What you will do>
Print out the data that follows exactly, character for character, apart from the pictures.

Source data>
○ ○ ○ ○

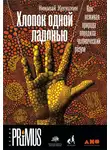 Николай Кукушкин - Хлопок одной ладонью: Как неживая природа породила человеческий разум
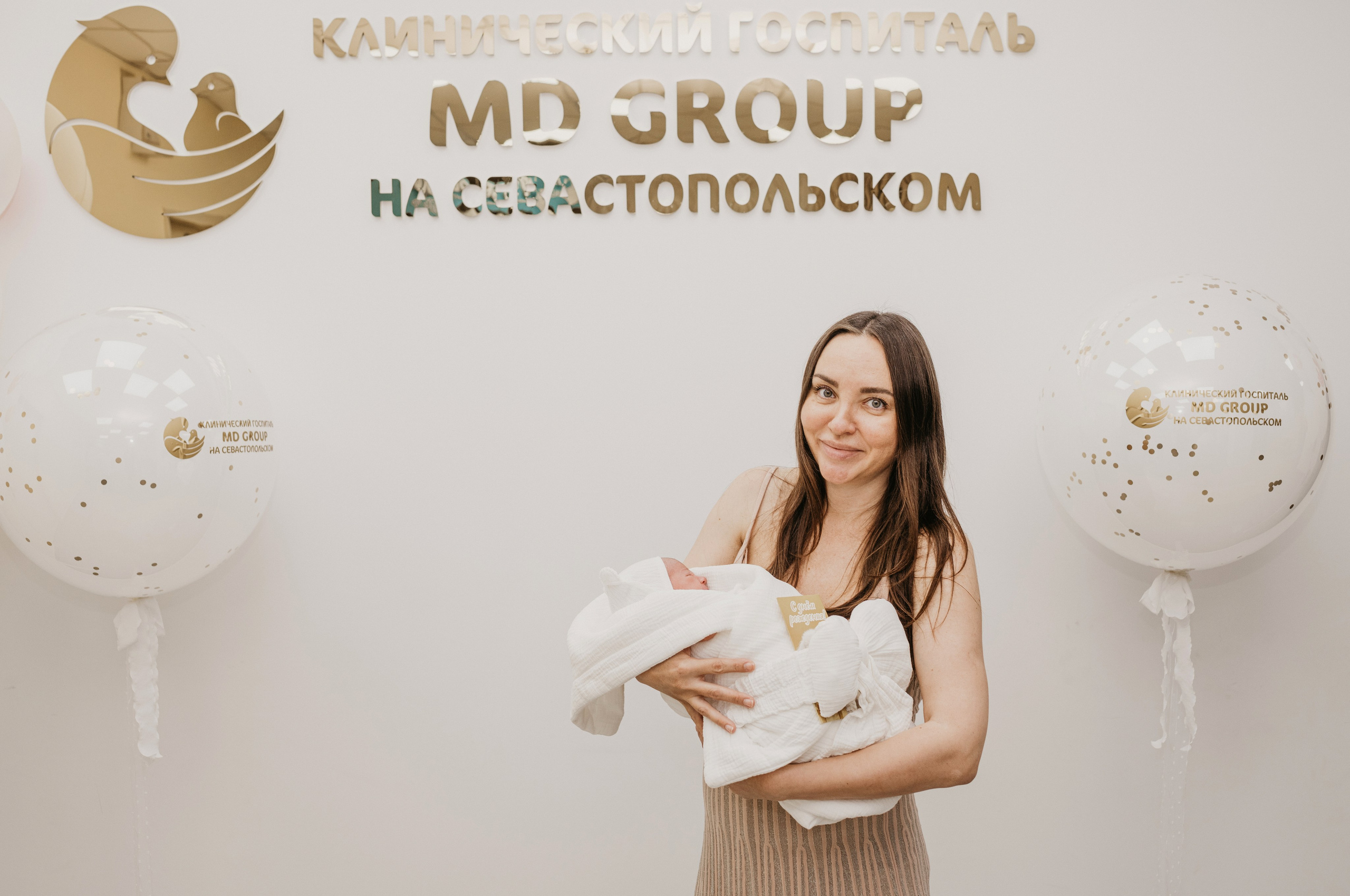 Выписка Марка. Фотограф на выписку из роддома в Москве и МО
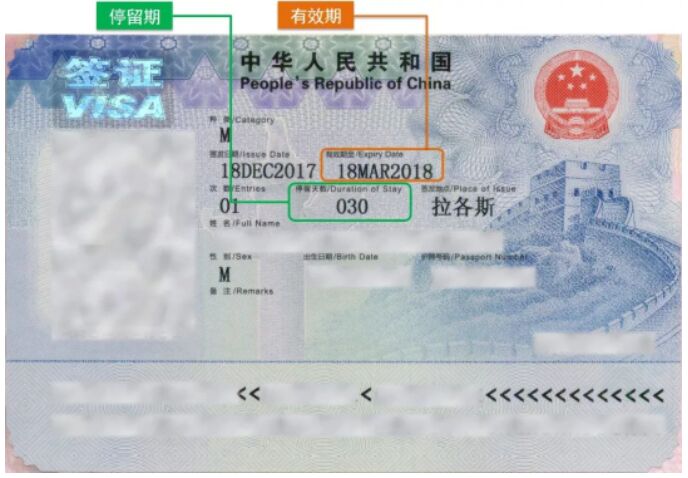 新版中国签证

○ ○ ○ ○

Reply>
 Николай Кукушкин - Хлопок одной ладонью: Как неживая природа породила человеческий разум
 Выписка Марка. Фотограф на выписку из роддома в Москве и МО
 新版中国签证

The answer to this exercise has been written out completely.